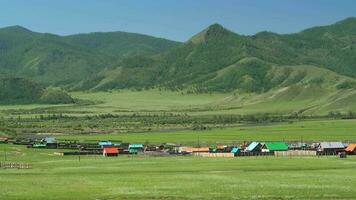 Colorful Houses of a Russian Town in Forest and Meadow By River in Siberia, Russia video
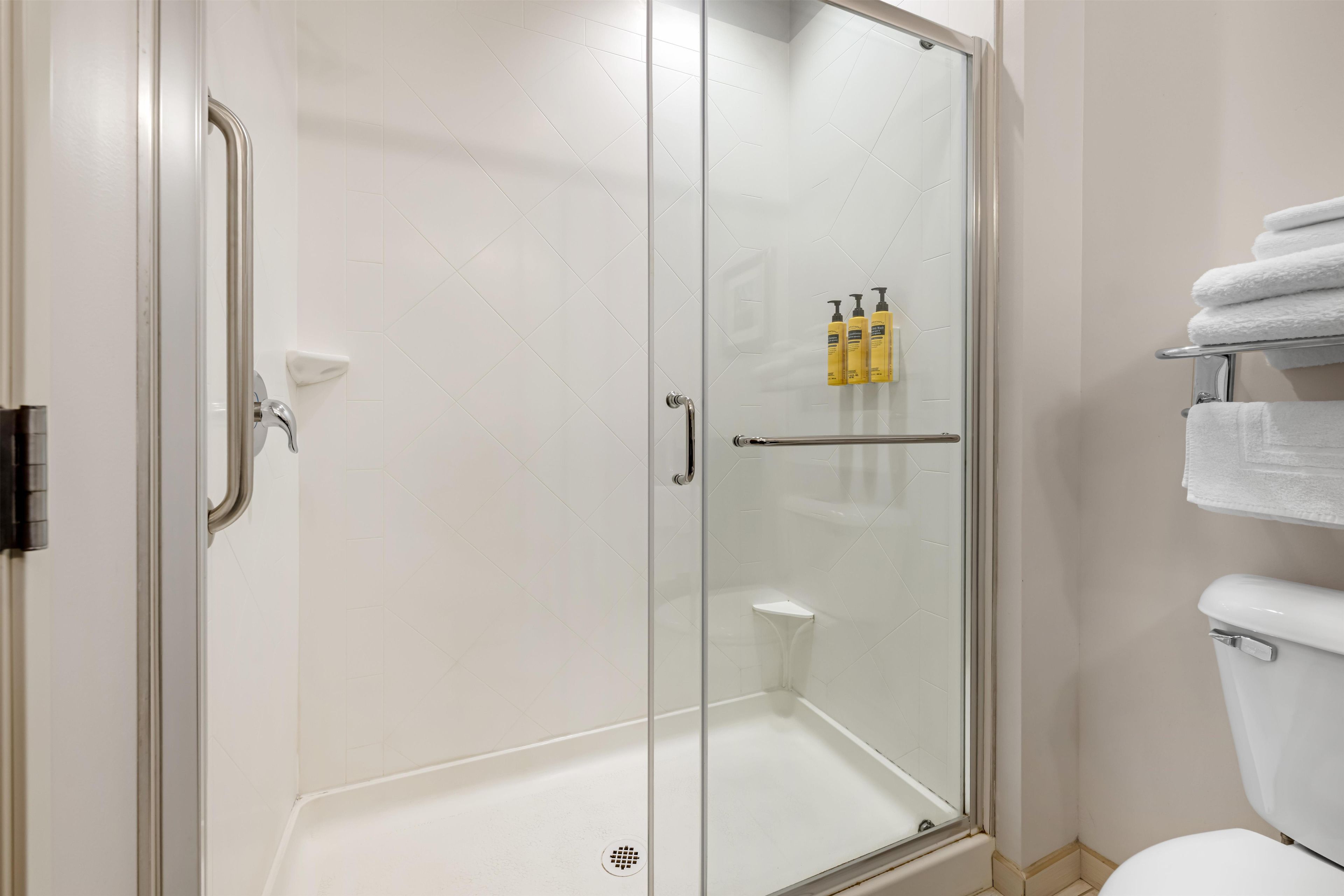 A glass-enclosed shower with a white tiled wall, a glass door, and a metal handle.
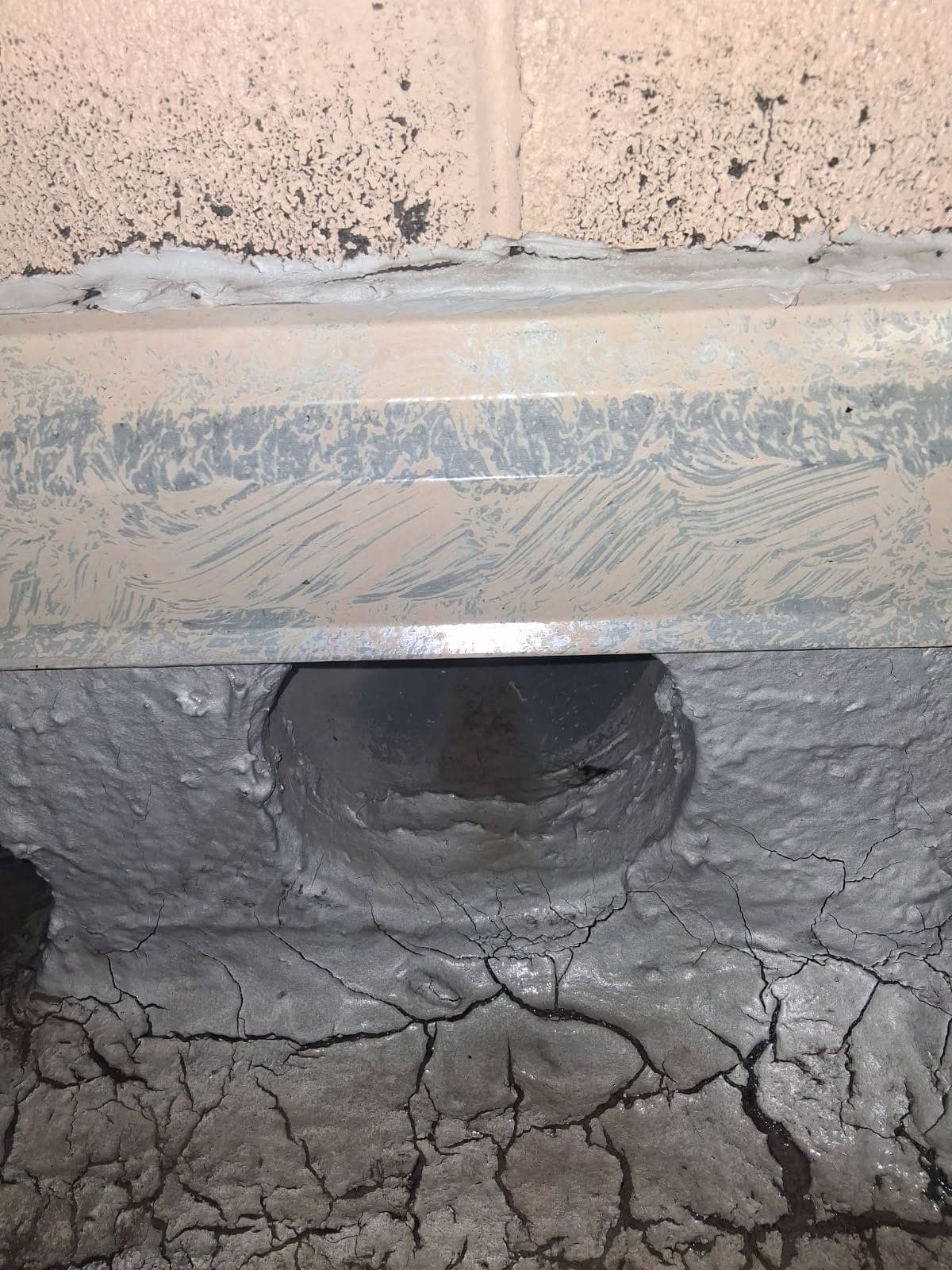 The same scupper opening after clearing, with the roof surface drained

◆ ◆ ◆ ◆

Leave the pictures out and set down the rest of the listing above exactly.

 Colorful Houses of a Russian Town in Forest and Meadow By River in Siberia, Russia video
 A glass-enclosed shower with a white tiled wall, a glass door, and a metal handle.
 The same scupper opening after clearing, with the roof surface drained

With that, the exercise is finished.